*EXERCISE*
Extract from the entries below, exactly as given, only the lines from the line containing "504th_Bombardment_Group_over_Mount_Fuji_1945" to the line containing "купити нове авто", both lines included.

───── RECORDS FOR THIS TASK

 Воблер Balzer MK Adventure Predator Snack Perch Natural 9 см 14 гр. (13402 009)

──────────
───── RECORDS FOR THIS TASK

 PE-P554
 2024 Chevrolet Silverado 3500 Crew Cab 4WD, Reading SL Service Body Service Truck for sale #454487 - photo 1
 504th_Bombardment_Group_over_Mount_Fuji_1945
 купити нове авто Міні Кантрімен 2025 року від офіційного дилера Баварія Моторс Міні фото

──────────
───── RECORDS FOR THIS TASK

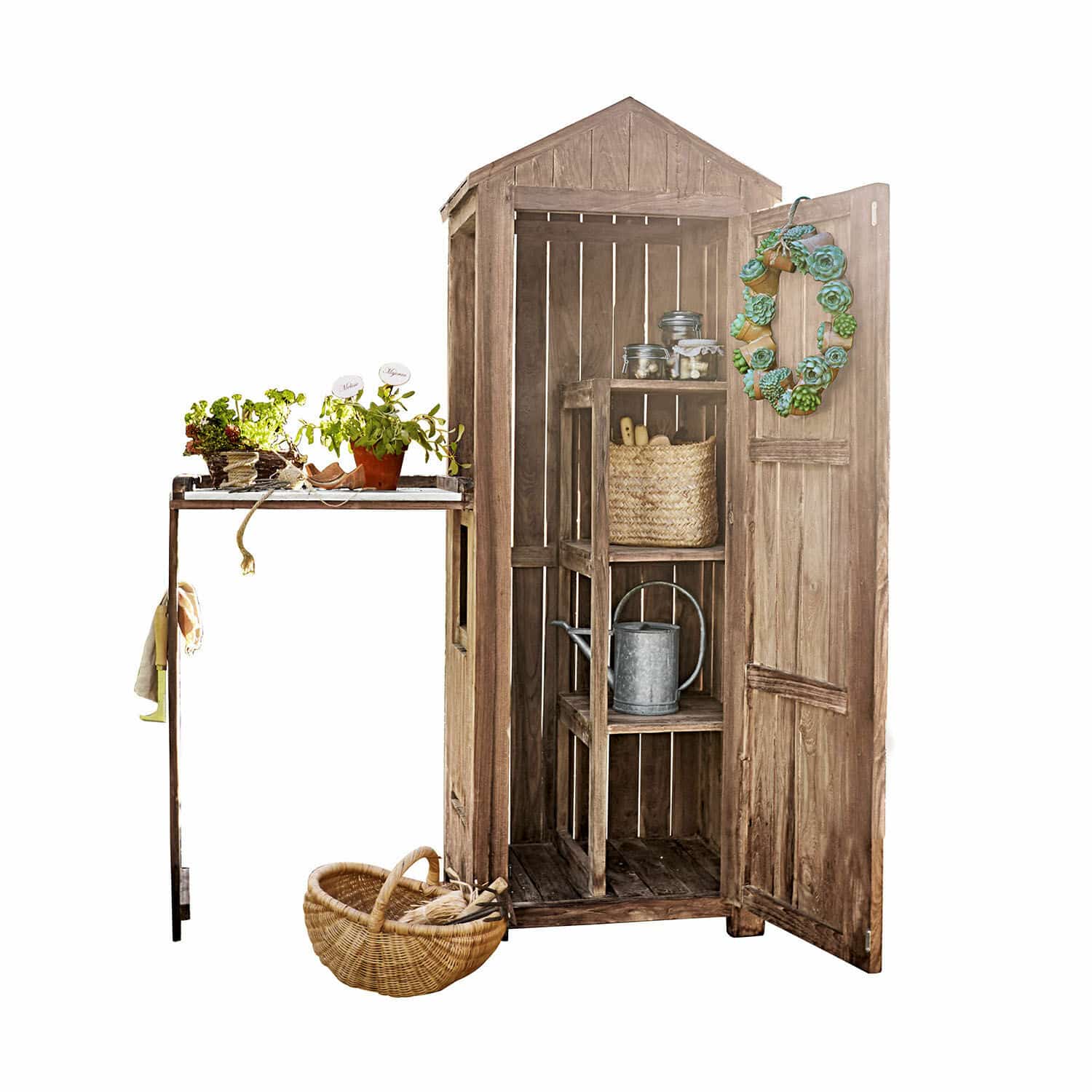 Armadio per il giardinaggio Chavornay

──────────

*RESPONSE BOX*
 504th_Bombardment_Group_over_Mount_Fuji_1945
 купити нове авто Міні Кантрімен 2025 року від офіційного дилера Баварія Моторс Міні фото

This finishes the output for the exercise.